I haven’t studied what the rabbis say about this, but
the decision of K’lal Isroel, the people’s voice, is reasonably clear: Most of
us feast early if at all, typically on the same sweet foods we had for New
Year. Then we make a bland pre-fast meal designed to minimize the difficulty of
the fast. We wish each other, “an easy fast.” This does not necessarily reduce
the pressure on our souls. I would argue, with Philo of Alexandria, that an
easy fast—for the body—simply detaches us a little more from the material world
so that we can concentrate on our soul work.
The methods are generally well known, but let’s go
over them one more time: taper off on caffeinated drinks for a week or more so
you don’t get a caffeine-withdrawal headache in the afternoon. Hydrate well
with chicken soup and water. Avoid salt and sugar, which are hydrophilic and
make you thirsty. Include plenty of simple starches such as rice, plain bread,
or boiled potatoes, because starch binds to water. (This is one of the most
useful devices, in my experience). Protein tends to be un-spiced, such as
boiled chicken (generating that soup mentioned above.) There is a medieval
custom not to eat fish, because it was thought to warm the body. Likewise
spices. Some do not eat sesame seeds or other seeds, which might come back up
or get stuck in the teeth, and undo the later fast. Dessert, if any, would be
simple fruit.
Some observant people then set a clean white
tablecloth, as for Shabbat, but put siddurim and other holy books in the
place of challah breads, and cover them with cloth.

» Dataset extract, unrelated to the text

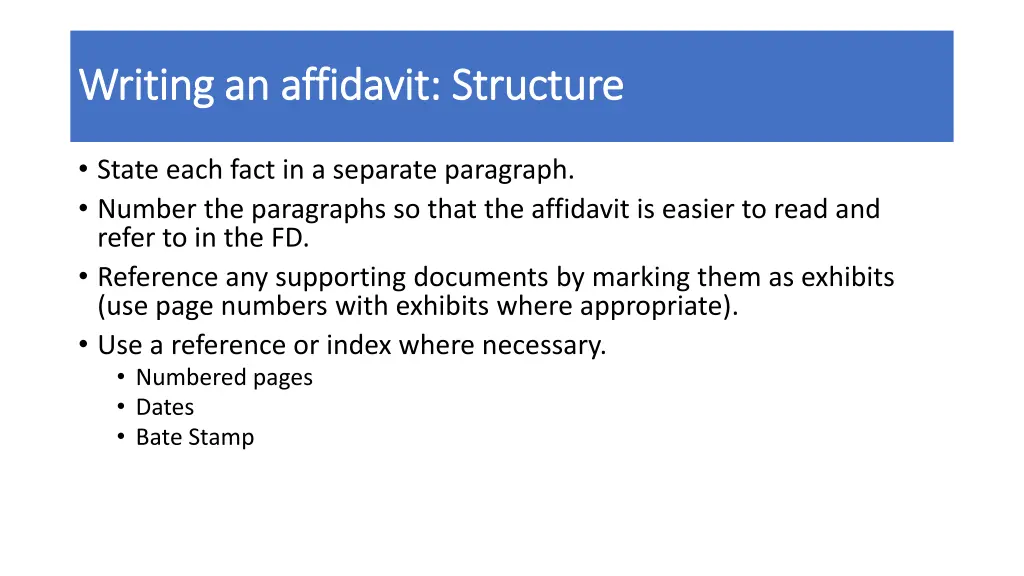 writing an affidavit structure writing 1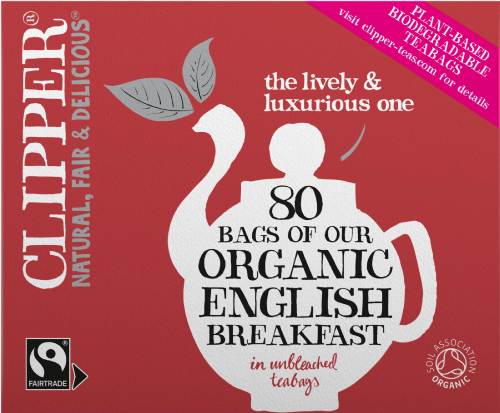 CLIPPER Organic Fairtrade English Breakfast Teabags 80's (Pack of 4)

Psychologically, the fast is eased if you go to
services—individual pain is pain; shared pain is a bonding experience. The
mid-afternoon nap, though controversial, also reduces hunger. Some authorities
suggest smelling spices like cloves or cinnamon, as at Havdallah, during
the afternoon to relieve hunger pangs.
Now we reach the end of the day, and breaking the fast. We start with Kiddush,
and then snack on salty foods and drink lots of water or juice. Tea or coffee
will be important for those who forgot to taper caffeine. One doesn’t want to
eat too much, and one doesn’t feel like eating too much, or anything too rich.
In the United States, Ashkenazim have settled on a dairy feast of bagels and
lox, our celebratory foods, our most universally ethnic foods—uniting the
bagels of Poland with the salmon of the Baltic ports and the cream cheese of
Germany. Sephardic Jews eat foods of
their origins, most interestingly harrira, the thick meat soup/stew used to
break the daily fasts of Ramadan in the Muslim countries of North Africa.